In the previous post, I proposed to look at the ecological problem of sound localization, rather than the artificial and computationally trivial problem that is generally addressed. As regards physiology, this means that a neural representation of sound location is a property of collective neural responses that is unchanged for the class of stimuli that produce the same spatial percept. This is not a property that you will find at a single neuron level. To give a sense of what kind of property I am talking about, consider the Jeffress model, a classic model of sound localization. It goes as follows: each neuron is tuned to a particular location, and there are a bunch of neurons with different tunings. When a sound is presented, you identify the most active neuron, and that tells you where the sound comes from. If it is the same neuron that is most active for different sounds coming from the same location, then you have the kind of representation I am talking about: maximally active neuron is a representation of (specifically) sound location.

The Jeffress model actually has this kind of nice property (unlike competitors), but only when you see it as a signal processing model (cross-correlation) applied to an idealized acoustical situation where you have no head (ie two mics with just air between them). What we pointed out in a recent paper in eLife is that it loses that property when you consider sound diffraction introduced by the head; quite intriguingly, it seems that binaural neurons actually compensate for that (ie their tunings are frequency-dependent in the same way as interaural time differences are frequency-dependent).
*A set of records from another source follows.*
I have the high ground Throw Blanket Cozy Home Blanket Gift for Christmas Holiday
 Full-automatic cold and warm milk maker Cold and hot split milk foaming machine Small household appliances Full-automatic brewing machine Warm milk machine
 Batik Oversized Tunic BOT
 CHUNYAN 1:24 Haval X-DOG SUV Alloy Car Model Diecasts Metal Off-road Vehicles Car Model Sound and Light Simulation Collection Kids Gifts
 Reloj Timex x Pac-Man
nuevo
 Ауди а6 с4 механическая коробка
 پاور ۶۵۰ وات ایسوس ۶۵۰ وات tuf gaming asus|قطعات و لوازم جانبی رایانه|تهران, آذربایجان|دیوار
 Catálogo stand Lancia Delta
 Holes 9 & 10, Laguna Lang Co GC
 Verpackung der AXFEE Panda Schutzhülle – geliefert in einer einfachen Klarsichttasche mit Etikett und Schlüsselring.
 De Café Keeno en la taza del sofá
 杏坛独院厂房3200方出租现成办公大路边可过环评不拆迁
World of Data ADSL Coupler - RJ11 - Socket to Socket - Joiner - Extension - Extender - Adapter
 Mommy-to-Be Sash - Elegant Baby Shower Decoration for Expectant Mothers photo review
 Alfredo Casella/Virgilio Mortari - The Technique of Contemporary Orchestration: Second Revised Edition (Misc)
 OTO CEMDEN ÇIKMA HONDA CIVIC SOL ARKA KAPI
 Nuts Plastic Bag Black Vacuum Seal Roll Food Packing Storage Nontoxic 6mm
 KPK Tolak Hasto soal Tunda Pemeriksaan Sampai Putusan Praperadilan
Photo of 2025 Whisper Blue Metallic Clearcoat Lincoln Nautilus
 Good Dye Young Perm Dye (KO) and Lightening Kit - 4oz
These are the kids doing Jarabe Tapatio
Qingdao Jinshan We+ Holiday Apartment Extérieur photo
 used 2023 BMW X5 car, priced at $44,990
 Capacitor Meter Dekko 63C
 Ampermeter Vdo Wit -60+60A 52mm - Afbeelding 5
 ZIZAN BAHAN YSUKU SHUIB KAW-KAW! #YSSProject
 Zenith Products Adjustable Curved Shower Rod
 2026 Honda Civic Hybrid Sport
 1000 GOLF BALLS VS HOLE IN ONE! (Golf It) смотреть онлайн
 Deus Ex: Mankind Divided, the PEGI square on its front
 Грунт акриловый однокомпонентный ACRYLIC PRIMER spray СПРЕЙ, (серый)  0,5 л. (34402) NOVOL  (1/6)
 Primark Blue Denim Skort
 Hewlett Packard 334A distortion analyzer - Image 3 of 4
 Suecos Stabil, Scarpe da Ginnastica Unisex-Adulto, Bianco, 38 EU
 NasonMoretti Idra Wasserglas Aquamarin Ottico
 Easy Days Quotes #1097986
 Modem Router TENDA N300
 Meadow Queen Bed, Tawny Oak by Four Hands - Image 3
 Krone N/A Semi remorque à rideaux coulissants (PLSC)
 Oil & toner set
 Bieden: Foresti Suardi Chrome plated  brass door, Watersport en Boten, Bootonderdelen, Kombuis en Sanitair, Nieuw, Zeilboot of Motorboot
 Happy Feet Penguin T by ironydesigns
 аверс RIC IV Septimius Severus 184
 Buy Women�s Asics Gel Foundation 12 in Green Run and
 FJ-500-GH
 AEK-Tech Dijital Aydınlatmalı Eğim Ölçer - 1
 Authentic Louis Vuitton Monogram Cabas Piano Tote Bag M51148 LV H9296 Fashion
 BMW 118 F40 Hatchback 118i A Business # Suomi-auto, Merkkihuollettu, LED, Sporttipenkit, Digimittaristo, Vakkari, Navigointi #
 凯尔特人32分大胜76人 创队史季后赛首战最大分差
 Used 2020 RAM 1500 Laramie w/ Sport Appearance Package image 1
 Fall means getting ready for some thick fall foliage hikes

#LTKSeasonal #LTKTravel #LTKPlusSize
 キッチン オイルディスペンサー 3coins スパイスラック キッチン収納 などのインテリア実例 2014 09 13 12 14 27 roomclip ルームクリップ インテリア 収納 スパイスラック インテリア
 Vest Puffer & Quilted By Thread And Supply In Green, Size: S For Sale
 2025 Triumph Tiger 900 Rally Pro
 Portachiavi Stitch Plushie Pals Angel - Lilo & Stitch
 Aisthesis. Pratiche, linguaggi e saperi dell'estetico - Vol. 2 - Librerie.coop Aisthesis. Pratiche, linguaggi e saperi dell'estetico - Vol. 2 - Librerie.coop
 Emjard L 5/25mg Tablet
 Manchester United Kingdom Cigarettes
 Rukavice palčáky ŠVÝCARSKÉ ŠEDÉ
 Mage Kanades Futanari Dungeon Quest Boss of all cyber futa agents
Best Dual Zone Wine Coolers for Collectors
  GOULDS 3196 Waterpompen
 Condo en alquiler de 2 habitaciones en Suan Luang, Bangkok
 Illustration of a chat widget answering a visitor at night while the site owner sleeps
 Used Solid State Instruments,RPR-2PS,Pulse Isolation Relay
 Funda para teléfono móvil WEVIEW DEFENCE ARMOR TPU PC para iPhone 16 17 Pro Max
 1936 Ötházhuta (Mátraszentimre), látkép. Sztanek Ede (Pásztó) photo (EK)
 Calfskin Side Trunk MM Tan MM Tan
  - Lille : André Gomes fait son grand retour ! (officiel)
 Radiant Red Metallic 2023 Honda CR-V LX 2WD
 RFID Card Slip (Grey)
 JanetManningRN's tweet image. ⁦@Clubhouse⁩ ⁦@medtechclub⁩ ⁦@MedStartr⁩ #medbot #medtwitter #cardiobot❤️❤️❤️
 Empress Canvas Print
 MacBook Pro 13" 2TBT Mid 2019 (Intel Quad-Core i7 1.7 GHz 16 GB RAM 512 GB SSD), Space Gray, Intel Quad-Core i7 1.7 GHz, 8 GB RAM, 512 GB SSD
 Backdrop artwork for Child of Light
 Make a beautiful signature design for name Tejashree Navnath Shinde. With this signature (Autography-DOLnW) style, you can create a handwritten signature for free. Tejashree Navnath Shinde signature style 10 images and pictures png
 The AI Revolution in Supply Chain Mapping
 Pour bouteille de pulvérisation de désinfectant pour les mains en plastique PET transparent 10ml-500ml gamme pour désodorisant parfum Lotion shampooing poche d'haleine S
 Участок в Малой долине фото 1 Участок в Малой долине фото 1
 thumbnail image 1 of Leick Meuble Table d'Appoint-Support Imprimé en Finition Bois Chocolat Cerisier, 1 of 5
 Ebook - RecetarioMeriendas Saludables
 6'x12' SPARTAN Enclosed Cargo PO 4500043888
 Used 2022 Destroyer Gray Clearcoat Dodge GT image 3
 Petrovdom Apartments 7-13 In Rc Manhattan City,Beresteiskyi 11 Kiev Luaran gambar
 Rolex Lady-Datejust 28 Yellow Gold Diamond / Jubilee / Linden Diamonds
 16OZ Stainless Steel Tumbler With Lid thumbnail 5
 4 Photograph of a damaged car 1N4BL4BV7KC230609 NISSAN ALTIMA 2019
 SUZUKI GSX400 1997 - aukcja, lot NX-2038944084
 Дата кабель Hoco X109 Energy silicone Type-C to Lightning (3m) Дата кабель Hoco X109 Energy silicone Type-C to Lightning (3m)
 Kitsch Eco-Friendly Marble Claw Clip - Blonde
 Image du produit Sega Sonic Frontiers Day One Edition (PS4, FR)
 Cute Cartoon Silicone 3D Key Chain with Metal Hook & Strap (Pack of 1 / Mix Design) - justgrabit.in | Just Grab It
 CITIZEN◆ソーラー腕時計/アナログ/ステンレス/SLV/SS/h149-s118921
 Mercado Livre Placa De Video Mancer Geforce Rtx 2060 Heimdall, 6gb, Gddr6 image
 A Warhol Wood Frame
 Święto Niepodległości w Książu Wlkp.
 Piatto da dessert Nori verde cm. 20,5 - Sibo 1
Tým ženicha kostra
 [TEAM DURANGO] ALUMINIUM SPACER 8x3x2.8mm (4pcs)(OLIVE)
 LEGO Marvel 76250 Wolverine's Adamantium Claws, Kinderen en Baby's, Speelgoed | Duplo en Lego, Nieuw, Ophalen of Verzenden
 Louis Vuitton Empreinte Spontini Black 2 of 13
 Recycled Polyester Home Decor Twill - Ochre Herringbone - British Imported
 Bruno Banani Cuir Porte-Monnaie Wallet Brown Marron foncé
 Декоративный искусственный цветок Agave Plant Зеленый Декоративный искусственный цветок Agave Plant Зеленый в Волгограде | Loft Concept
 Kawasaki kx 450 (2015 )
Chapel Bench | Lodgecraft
But I want to discuss a more fundamental point that has to do with tuning curves. By “tuning curve”, I am referring to a measurement of how the firing rate of a neuron varies when one stimulus dimension is varied. Suppose that indeed you do have neurons that are tuned to different sound locations. Then you present a stimulus (of the same kind) and you look for the maximally active neuron. The tuning of that neuron should match the location of the presented stimulus. Right? Well, actually no. At least not in principle. That would be true if all tuning curves had exactly the same shape and peak value and only differed by a translation, or at least if the shape and magnitude were not correlated with tuning. But otherwise it's just an incorrect inference. If you don't see what I mean look at this paper on auditory nerve responses. Usually one would show selectivity curves of auditory nerve fibers, ie firing rate vs. sound frequency for a bunch of fibers (note that auditory scientists also use “tuning curve” to mean something else, which is minimum sound level that elicits a response vs. frequency). Here the authors show the data differently on Fig. 1: responses of all fibers along the cochlea for a bunch of frequencies. I bet that it is not what you would expect from reading textbooks on hearing. Individually, fibers are tuned to frequency. Yet you can't really pick the most active fiber and tell what sound frequency was presented. Actually there are different frequencies at which the response peaks at the same place. It's basically a mess. But that is what the auditory gets when you present a sound: the response of the entire cochlea for one sound, not the response of one neuron to lots of different stimuli.

So, what about sound localization and binaural neurons, do we have this kind of problem or not? Well I don't know for sure because no one actually shows whether the shape of tuning curves vary systematically with tuning or not. Most of the time, one shows a few normalized responses and then extracts a couple of features of the tuning curves for each cell (ie the tuning in frequency and ITD) and shows some trends. The problem is we can't infer the population response from tunings unless we know quite precisely how the tuning curves depend on tuning. That is particularly problematic when tuning curves are broad, which is the case for the rodents used in many physiological studies.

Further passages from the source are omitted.